David wondered about it later, while they ate. The sun was going down, and it was cooler. His plate was piled with potato salad, baked beans, and three hot dogs running over with ketchup, mustard, onions, and sauerkraut. His stomach yearned toward the food, but he patiently cut up a hot dog for Mattie, and poured ketchup in a large red pool beside it. She swung her legs and ate an empty bun.

“Just a few beans,” he said.

She shook her head. He put them on her plate anyway, scoring points for parents. Rose had seen to Lisa and Kendra; it was legal to eat now.

No, not quite.

String stood near the grill, smoke from the charcoal blowing across his eye stalks. He held a plate in one fin, and a beer in the other. David waved at him.
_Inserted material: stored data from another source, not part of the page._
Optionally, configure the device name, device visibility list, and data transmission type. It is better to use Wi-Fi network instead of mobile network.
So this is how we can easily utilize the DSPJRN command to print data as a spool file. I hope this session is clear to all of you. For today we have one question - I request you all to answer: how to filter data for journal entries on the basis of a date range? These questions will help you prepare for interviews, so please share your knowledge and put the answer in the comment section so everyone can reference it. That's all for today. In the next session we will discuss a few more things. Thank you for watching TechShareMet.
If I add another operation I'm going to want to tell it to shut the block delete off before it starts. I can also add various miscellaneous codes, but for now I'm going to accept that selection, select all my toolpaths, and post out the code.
“Come on over. Share the table.”

String came toward them.

“Rest your plate here,” Rose said, “and you can eat.”

“Not necessary.” Another section of fin extruded and picked up a bean.

“His hand split!” Mattie said.

“Useful,” David said.

“These are the baby humans of your pouch?” String asked.
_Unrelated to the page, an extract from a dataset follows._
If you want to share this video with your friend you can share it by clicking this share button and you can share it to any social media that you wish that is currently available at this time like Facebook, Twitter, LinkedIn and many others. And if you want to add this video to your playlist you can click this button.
“He's the father,” Rose said. “But they come from
my
pouch.”

“Most honored, the Mother-One.”

“Call me Rose.”

David took a bite of hot dog. The meat had been cooked just a shade too long and tasted slightly of charcoal, reminding him of other summers, ball games, and picnics. He watched Kendra hold a can of Coke with both hands—sipping, sipping, ignoring her food. He took a large swallow of cold beer, and realized he had nothing to eat his potato salad and beans with.

Rose absently handed him a fork. “See those two guys over there?” She nodded toward two men joylessly tossing a football back and forth. “CIA.”

“What?”

“Central Intelligence Agency,” String said.

“I
know
that, but what makes you think, Rose, that—”
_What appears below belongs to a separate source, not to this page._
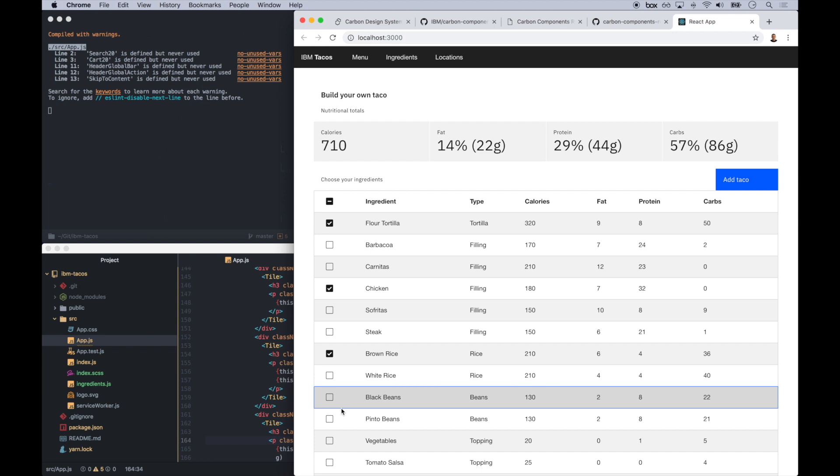So now slowing things back down to real time, let's test this out as you interact with and check each of those checkboxes, things are getting updated. And then let's add some tacos. That's IBM Tacos. Enjoy.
“Central Intelligence Agency,” Mattie chanted. Kendra and Lisa picked it up. “Central Intelligence—”


Hush
,” David said. “Rose, are you sure?”

“Look at them. Tall, sunglasses, hair cut an inch away from their ears. The main thing is the skin. Pink and waxy and fresh-scrubbed. Got to be.”

“Maybe they're on a break or something. Taking the day off.”

“Nah.” Rose gave him a crooked half smile. “I'm under surveillance.”

That night he leaned against the kitchen counter and rubbed lotion into the sunburn on the back of his neck. He was dirty and tired, his muscles stiff, his breath rich with beer and onions.